ML Experiment Tracking Skill
Track machine learning experiments with reproducible parameters and metrics.
Trigger Conditions
- •Model configuration changes or hyperparameter updates
- •New experiment run initiated
- •User invokes with "track experiment" or "compare models"
Input Contract
- •Required: Experiment parameters (model, hyperparameters, data)
- •Required: Evaluation metrics
- •Optional: Baseline comparison, hypothesis
Output Contract
- •Experiment log entry with full reproducibility info
- •Comparison table against baseline/prior runs
- •Recommendation on whether to promote or iterate
Tool Permissions
- •Read: Model configs, training data metadata, metric logs
- •Write: Experiment logs, comparison reports
- •Execute: Metric collection commands
Execution Steps
- •Record experiment hypothesis and parameters
- •Capture environment (dependencies, data version, code commit)
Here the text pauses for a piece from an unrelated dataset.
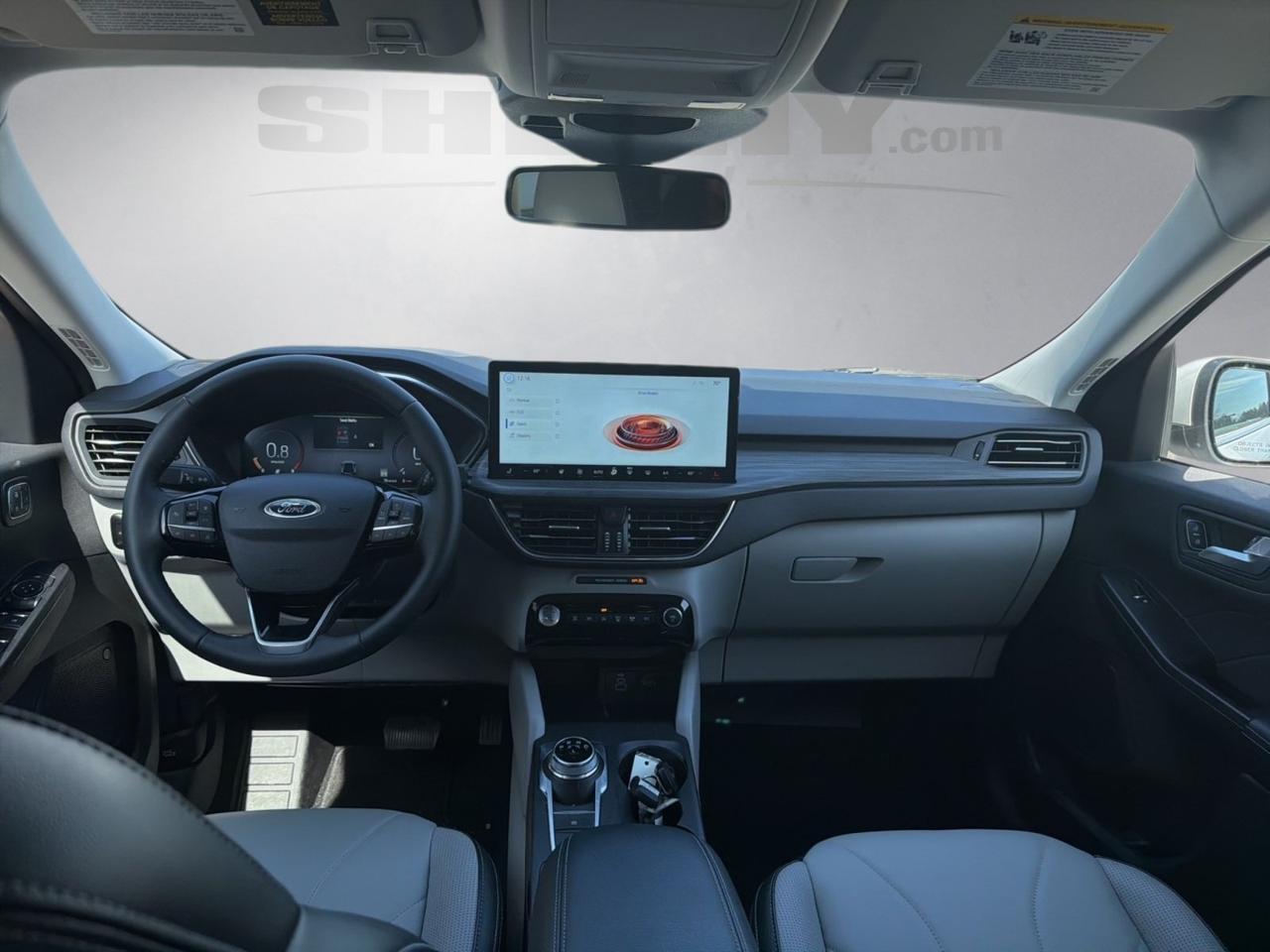 2025 Ford Escape Platinum Ashland VA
- •Execute or observe training run
- •Collect metrics and artifacts
- •Compare against baseline and prior experiments
- •Recommend: promote, iterate, or abandon
Success Criteria
- •Experiment is fully reproducible from logged parameters
- •Metrics compared against baseline
- •Clear recommendation with rationale
Escalation Rules
- •Escalate if model performance degrades vs. baseline
- •Escalate if data drift detected in training set
- •Escalate if experiment requires new infrastructure
Example Invocations
Input: "Compare the BERT-base and DistilBERT models for our classification task"
Output: Experiment log: BERT-base (F1: 0.92, latency: 45ms, size: 440MB) vs DistilBERT (F1: 0.89, latency: 12ms, size: 260MB). Recommendation: DistilBERT for production (3% F1 trade-off for 73% latency improvement). Promote to staging for A/B test.